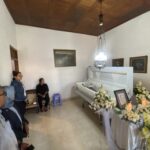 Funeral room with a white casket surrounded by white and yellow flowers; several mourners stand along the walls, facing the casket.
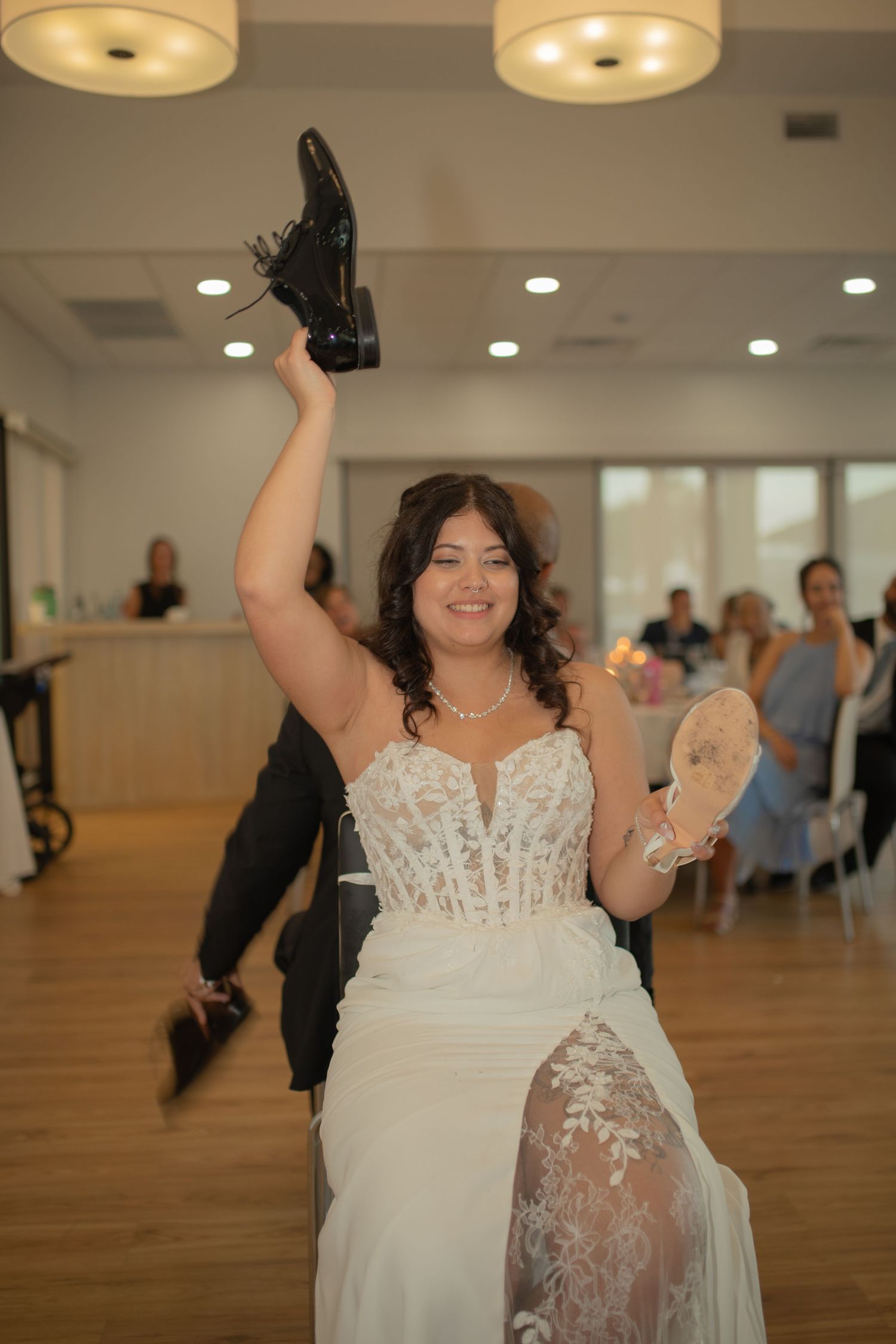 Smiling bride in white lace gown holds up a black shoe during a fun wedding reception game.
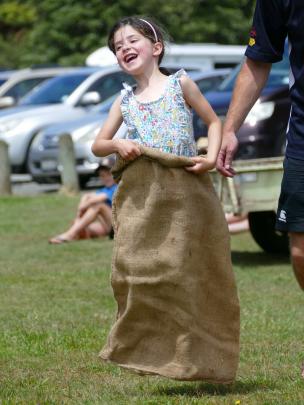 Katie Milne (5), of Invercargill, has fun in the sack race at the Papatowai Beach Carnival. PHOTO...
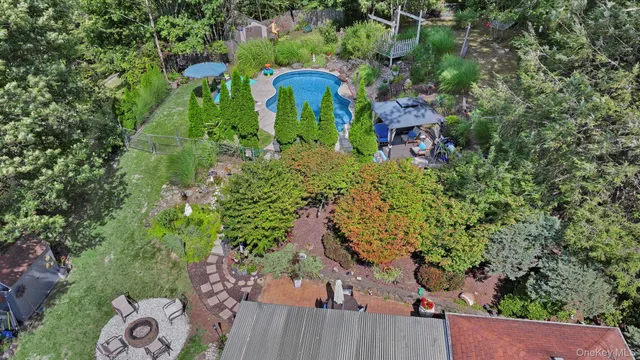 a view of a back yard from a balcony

Goal of the exercise –
The pictures should not be reproduced; quote all of the other material exactly.

Task output –
 Funeral room with a white casket surrounded by white and yellow flowers; several mourners stand along the walls, facing the casket.
 Smiling bride in white lace gown holds up a black shoe during a fun wedding reception game.
 Katie Milne (5), of Invercargill, has fun in the sack race at the Papatowai Beach Carnival. PHOTO...
 a view of a back yard from a balcony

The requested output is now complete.